Otra vez Disfrutar (tres chicos que consagraron El Bulli) y un breve paso de Albert Adriá (Enigma), el responsable de buna parte de lo que pasó en el restaurante de aquel binomio mítico -Soler & Adrià- en Cala Montjoi, salvaron la cara de la modernidad culinaria. También estuvo Dabiz Muñoz, que se me antoja otro de los últimos cocineros de vanguardia -revisen el significado del término; vanguardia es arriesgar con lo que nunca hizo nadie- pero no le gusta meterse en demostraciones, y se quedó en hablar de lo suyo sentado en un taburete. Hubo más cosas en la parte que vi en directo y en diferido -el congreso se hace grande y acabas recurriendo a las grabaciones de las ponencias para ver a posteriori lo que te llama la atención- como Joan Roca y su reivindicación de los bancos de semillas, la siempre atractiva y sugerente cocina de Pedro Sánchez en Bagá, la leche de tigre clarificada con leche de vaca y metida en lata de Diego Oka en La Mar by Gastón Acurio en Miami, y tirando para casa, la descomunal cabeza de rape asada de Nacho Ovalle (La Calma)… Hubo más intervenciones interesantes, pero la consigna se me quedó grabada en medio de la frente: ¡Por favor, que resucite El Bulli!
Sé que nunca volverá, que es imposible que suceda, que resulta absurdo llegar a pensarlo, pero ojalá volviera El Bulli y con él todo lo que significó. La creación real, el desarrollo de técnicas e ideas, la imaginación haciéndose fuerte en la cocina, traducida en sorpresa una vez puesta al alcance del comensal, la libertad, la reflexión a fondo, la ruptura de paradigmas, la entronización de las quimeras, la búsqueda del más difícil todavía, el desconcierto como elemento vital del hecho culinario, la diversidad como elemento distintivo, la subversión de valores, ideas y procesos, y mil cosas más que necesitaría demasiado espacio para relatar. Desde El Bulli (hoy sería elBulli) se cambió todo.
El egoísmo manda sobre el deseo. Me aburro, me aburro comiendo, me aburro terriblemente escuchando a los camareros, me aburro -cada vez más- escuchando las letanías de los cocineros, repitiendo tópicos que un día pudieron ser verdades, pero hace tiempo que a fuerza de repetirlos quedaron vacíos de contenido, me aburro de tanta cocina dando eternamente vueltas alrededor de la mima idea, me aburro con la vacuidad culinaria convertida en norma, me aburro y se me pone cara de idiota en tantos comedores que me da miedo visitar otros.

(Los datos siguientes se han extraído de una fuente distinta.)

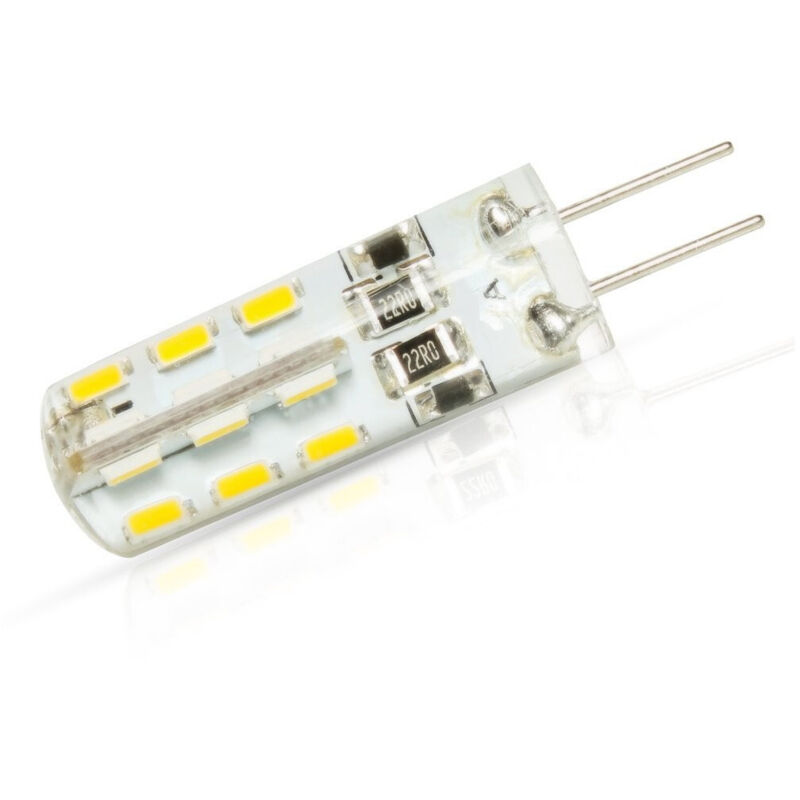 foto del prodotto trade shop traesio 2 lampadine 2.5w led 32 smd attacco g4 a spillo luce bianca fredda calda 220v bianco freddo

Lo pensaba viendo al francés y al coreano: ojalá volviera El Bulli. Para que otros cocineros pudieran ir a comer y volver a pensar, o simplemente copiar sus platos, o preguntarse como están hechos, o hacer estadías y aprender técnicas, o sentirse en la obligación de buscar caminos nuevos, o imitar preparaciones, como ese chef que triunfa quince años después versionando las viejas propuestas de El Bulli. Bueno no tan viejas, tal vez rabiosamente modernas: el tiempo esta vez las hizo casi tan nuevas como el primer día. El Bulli encabezó una revolución trascendental -por favor, no le digan cocina molecular, como en las escuelas de cocina con más pretensiones que realidades, y tampoco tecno emocional; dejen las etiquetas para las conversaciones con el cuñao- que también fue una evolución que lo cambió todo. No fue la última revolución, pero ojalá siguiera viva. Esta cocina, la de nuestro tiempo, necesita más locura y menos delirios de grandeza.